For a moment a bad-dream glaze descended on Desmond Heaf, and his brow was suddenly and minutely sequinned with sweat. After about ten seconds of steady recuperation he said, ‘… Royal comment. I think this is building quite well. Rather touchingly, the King’s enforced chastity is awakening the most profound concerns of our — and uh, I’ll be interested to hear your view, Clint, on the line we should take on the tragedy in Cold Blow Lane. So what’s the King to do? By the way, Supermaniam, I thought you overstepped the bounds of good taste with your think-piece … “Quick Mate While She’s Warm”. I thought Clint’s editorial the next day was far more sensitive and appropriate. Where is it? “Time To Pull The Plug On Pam”.’

Clint stood with his arms akimbo in the anarchical locker-room of Back Numbers. Over nine hundred Larks lay slumped in drunken stacks, in leaning heaps; and Clint’s arms were charcoal to the elbow by the time he had assembled the thirty issues of the relevant June.

Like all the other yellow-mast tabloids, the Morning Lark ran a Casebook feature opposite its problem page.

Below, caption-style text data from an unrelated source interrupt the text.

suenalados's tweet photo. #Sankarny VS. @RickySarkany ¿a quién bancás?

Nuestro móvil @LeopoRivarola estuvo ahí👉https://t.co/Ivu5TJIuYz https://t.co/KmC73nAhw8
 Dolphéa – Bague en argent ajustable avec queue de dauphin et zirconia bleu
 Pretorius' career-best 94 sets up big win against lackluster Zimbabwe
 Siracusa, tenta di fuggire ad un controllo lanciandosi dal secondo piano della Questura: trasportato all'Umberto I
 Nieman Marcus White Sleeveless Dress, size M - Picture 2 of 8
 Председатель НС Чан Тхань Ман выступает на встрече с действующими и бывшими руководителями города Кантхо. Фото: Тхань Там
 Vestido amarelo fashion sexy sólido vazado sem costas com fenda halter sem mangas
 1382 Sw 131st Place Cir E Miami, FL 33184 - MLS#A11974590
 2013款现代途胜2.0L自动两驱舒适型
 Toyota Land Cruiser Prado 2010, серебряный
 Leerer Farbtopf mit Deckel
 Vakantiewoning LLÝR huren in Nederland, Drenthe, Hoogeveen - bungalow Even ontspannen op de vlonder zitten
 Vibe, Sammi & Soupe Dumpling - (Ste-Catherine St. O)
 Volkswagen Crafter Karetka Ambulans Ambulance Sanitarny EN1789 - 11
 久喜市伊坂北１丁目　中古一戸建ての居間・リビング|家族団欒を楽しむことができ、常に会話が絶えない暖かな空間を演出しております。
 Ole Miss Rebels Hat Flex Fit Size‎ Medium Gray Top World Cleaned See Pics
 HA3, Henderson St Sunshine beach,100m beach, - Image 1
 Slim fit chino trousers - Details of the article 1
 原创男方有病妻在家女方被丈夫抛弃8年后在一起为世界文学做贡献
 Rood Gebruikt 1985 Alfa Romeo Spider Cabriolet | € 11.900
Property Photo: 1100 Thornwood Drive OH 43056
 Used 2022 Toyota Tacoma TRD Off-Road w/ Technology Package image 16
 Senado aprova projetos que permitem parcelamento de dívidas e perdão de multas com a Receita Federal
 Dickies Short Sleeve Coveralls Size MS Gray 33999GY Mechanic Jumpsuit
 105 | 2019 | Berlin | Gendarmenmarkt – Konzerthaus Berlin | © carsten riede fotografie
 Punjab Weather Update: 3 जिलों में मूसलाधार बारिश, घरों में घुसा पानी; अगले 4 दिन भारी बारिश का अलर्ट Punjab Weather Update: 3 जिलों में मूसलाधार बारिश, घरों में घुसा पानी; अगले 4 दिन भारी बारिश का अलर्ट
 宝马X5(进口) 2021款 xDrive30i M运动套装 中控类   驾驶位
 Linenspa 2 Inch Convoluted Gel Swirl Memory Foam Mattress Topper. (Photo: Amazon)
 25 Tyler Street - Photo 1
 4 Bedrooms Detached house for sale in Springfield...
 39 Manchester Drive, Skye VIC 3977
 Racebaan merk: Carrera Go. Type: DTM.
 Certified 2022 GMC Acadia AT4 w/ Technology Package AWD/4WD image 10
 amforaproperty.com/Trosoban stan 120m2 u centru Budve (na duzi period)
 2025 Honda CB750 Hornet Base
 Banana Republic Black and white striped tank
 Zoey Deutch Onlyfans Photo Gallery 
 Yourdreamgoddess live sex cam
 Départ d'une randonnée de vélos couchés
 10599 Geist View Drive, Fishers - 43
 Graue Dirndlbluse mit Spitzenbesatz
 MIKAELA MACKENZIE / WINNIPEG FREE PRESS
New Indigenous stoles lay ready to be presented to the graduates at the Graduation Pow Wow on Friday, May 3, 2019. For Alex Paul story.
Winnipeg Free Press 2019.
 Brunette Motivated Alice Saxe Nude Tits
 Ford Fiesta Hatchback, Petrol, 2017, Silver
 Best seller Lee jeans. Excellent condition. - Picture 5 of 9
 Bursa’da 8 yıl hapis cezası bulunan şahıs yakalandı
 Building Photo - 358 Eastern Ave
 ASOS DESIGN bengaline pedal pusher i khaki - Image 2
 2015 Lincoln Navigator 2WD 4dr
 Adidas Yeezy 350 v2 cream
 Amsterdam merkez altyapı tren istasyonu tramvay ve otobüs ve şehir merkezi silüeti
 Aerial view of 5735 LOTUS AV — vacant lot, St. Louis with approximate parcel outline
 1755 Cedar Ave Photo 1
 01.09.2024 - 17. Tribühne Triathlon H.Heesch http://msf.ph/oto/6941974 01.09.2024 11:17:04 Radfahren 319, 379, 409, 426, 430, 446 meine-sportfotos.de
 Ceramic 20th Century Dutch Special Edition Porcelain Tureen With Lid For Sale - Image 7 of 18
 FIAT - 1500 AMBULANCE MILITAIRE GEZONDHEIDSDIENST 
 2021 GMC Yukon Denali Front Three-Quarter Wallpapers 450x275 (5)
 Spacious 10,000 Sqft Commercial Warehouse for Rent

Its problem page did not resemble the other problem pages, with their typical integration of the commonplace (Our Loving Is Over Too Quickly) and the phenomenal (I Came Home To Find My Husband In Bed With My Dad: all this). The Lark‘s problem page dealt not in problems but in outlandish gratifications; it was in-house pornography, much of it written by Clint Smoker. On the other hand, the Lark‘s Casebook veered close to mainstream: in a dozen photographs with added bubbles for speech and thought, it dramatised the confusions of personable young people who tended to be dressed in their underwear.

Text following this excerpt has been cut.